In April 2014 the state kicked off the privatisation drive by selling 19% of the Oman Telecommunications Company (Omantel) in two tranches. Half of the stake was sold in a private placement to wealthy Omani individuals and institutional investors, while the remaining 9.5% was sold to retail investors in an initial public offering (IPO) on the Muscat Securities Market (MSM), the sultanate’s stock exchange. Each tranche was made up of a 71.25m shares. According to data from the MSM, the institutional tranche was 1.99 times oversubscribed, while the retail tranche was 1.05% oversubscribed. In total the sale raised around OR204m ($528.2m) in capital for state coffers, while allowing the government to retain control of Omantel. Prior to the share listing the state owned 70% of the company; after the sale of 19% this stake dropped to 51%.

Retail investors, for their part, have benefitted substantially from the deal as well. According to calculations carried out by Reuters, the 9.5% of the firm that was listed on the MSM sold for around OR1.35 ($3.50) per share in early April 2014. As of the end of August 2014 Omantel’s share price had risen to OR1.73 ($4.50) per share.

Upcoming Listings 

As of December 2014 the government had yet to move forward with other privatisation efforts, though this situation is widely expected to change soon. “We have only seen the Omantel listing thus far,” said John Spencer, the head of the department of strategy and business development at the Capital Market Authority, the sector regulator. “However, we expect to see a growing number of new privatisations in the next few years. The government’s spending needs are huge right now.” Indeed, as part of the late-2013 announcement of the privatisation programme, the government listed a handful of firms that would likely eventually be at least partially privatised.

In June 2014 the Ministry of Finance and the Public Authority for Electricity and Water launched an effort to privatise various components of the state-owned Electricity Holding Company, which owns a group of firms involved in electricity generation, transmission and distribution in Oman.

The Muscat Electricity Distribution Company, which is involved in supplying electricity in the capital region, is first on the privatisation docket, with other firms to follow. These public utilities companies – the majority of which have a large customer base and long-term contracts in place – are widely expected to attract a considerable amount of attention from investors when launching an IPO.

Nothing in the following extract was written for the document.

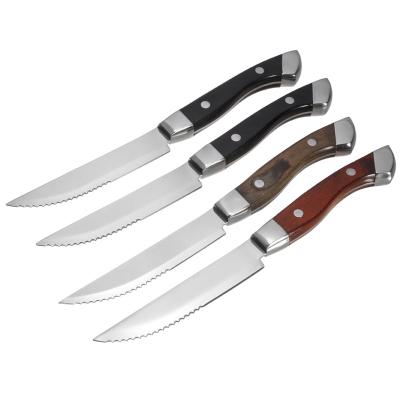 China Viable Professional 5 Inch Steak Knife With Pakka Wood Handle for sale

Other sectors that will likely be tapped for privatisation in the coming years include the construction materials industry – particularly the cement segment – and various agricultural concerns. According to the authorities the oil and gas sector, which accounts for a majority of government revenues in Oman, will likely not be privatised anytime soon. That said, in early 2014 the Ministry of Finance announced that it would potentially be open to partnering with foreign direct investors in the hydrocarbons and tourism sectors, both of which are considered to be key long-term drivers of economic growth in the sultanate. Regardless, with more than 60 firms currently being considered for privatisation, local investors are looking forward to new investment opportunities for years to come. “This is a huge opportunity for investors and the capital markets sector,” said Spencer. “Depending on the number of firms the government decides to list, the MSM could potentially double in size in the coming years.”